Cette petite firme n'aurait apparemment construit qu'un seul et unique modèle avant de disparaitre, la belle Unipower GT dont les origines remontent à 1963 lorsque un passionné de compétition et d'automobile, Ernie Unger, grand amateur d'Abarth, ancien pilote de Lotus, et manager de l'écurie Elva, rencontre dans les paddocks du circuit de Goodwood un jeune dessinateur indépendant, Val Dare-Bryan, lui aussi passionné par l'automobile et surtout le développement des voitures de course ….





De cette rencontre entre ces deux hommes et des très longues conversations qui ont suivi, la genèse de cette Unipower GT venait de démarrer. L'idée était de concevoir une petite sportive sur la base de celle qui commençait à devenir un véritable succès commercial, la petite Mini, commercialisée depuis 1959 par BMC. En fait l'énorme banque d'organes de BMC rendait la tâche beaucoup plus facile et surtout bien moins onéreuse pour qui voulait se lancer dans la construction d'une nouvelle voiture. En effet tout était rapidement disponible à moindre coût, le moteur, les freins, les suspensions, et finalement il ne restait plus qu'à trouver un investisseur pour bien les épauler financièrement et ainsi les aider au mieux à concrétiser ce projet ....





Le manque évidant de moyens financiers pour poursuivre l'étude et surtout aussi la commercialisation de la future Unipower GT fut donc très vite résolu par les deux créateurs qui vont rapidement trouver l'homme de la situation. En effet, un certain Tim Powell, un ancien champion de motonautisme, qui dirigeait une société du nom d'Universal Power Drives voyait dans cette voiture de sport un moyen de diversifier ses activités, et en rachetait finalement les droits. Cerise sur le gâteau, son ami personnel, Andrew Hedges, pilote de course pour BMC, le rejoignait lui aussi dans cette belle aventure. Finalement avec les quatre hommes tout était réuni ....





Les quatre associés partageant le même enthousiasme avaient donc dans l'idée de construire une petite GT sportive qui rassemblerait l'efficacité britannique et la beauté italienne. L'originale Unipower GT était sur les rails et grâce à son design audacieux et à la qualité de sa construction, inhabituelle pour l'époque, cette GT est devenue la plus belle et la plus sophistiquée des sportives jamais construite basée sur la banque d'organes BMC et plus particulièrement la mécanique de la petite Mini. Elle va d'ailleurs devenir très prisée en Angleterre par les nombreux pilotes amateurs qui vont trouver un petit coupé GT sportif suffisamment puissant et robuste qui proposait d'excellentes performances mais aussi capable d'être utilisé sur route ....

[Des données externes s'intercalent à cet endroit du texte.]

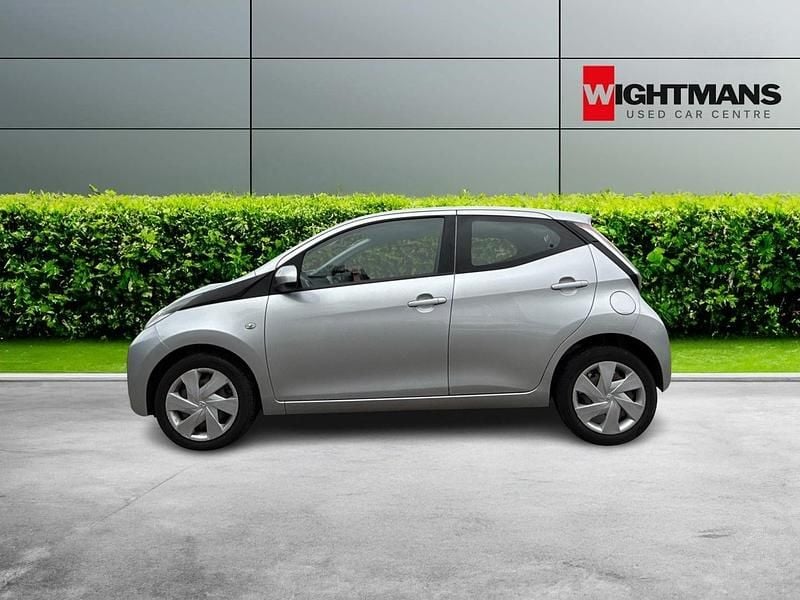 Begagnad Toyota Aygo X-play 2015 Silver Halvkombi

Un châssis tubulaire spécial inédit fut donc construit spécifiquement pour l'insolite Unipower GT, qui reprenait les trains roulants largement modifiés de la petite Mini et aussi son moteur mais ici installé en position centrale arrière. Une carrosserie extrêmement basse et profilée fut dessinée, qui adoptait un pare-brise de Triumph GT6. En dehors d'Austin, de nombreux autres éléments étaient empruntés chez Ford et Jensen d'autres marques du Groupe BMC. Cela permettait en fait d'avoir des pièces rapidement disponibles et adaptables tout en réduisant les coûts de reviens. Cette berlinette très originale mesurait 3.56 mètres de longueur, 1.45 mètres de largeur, et 1.03 mètres de hauteur pour un poids plume d'environ 450 kg à vide ....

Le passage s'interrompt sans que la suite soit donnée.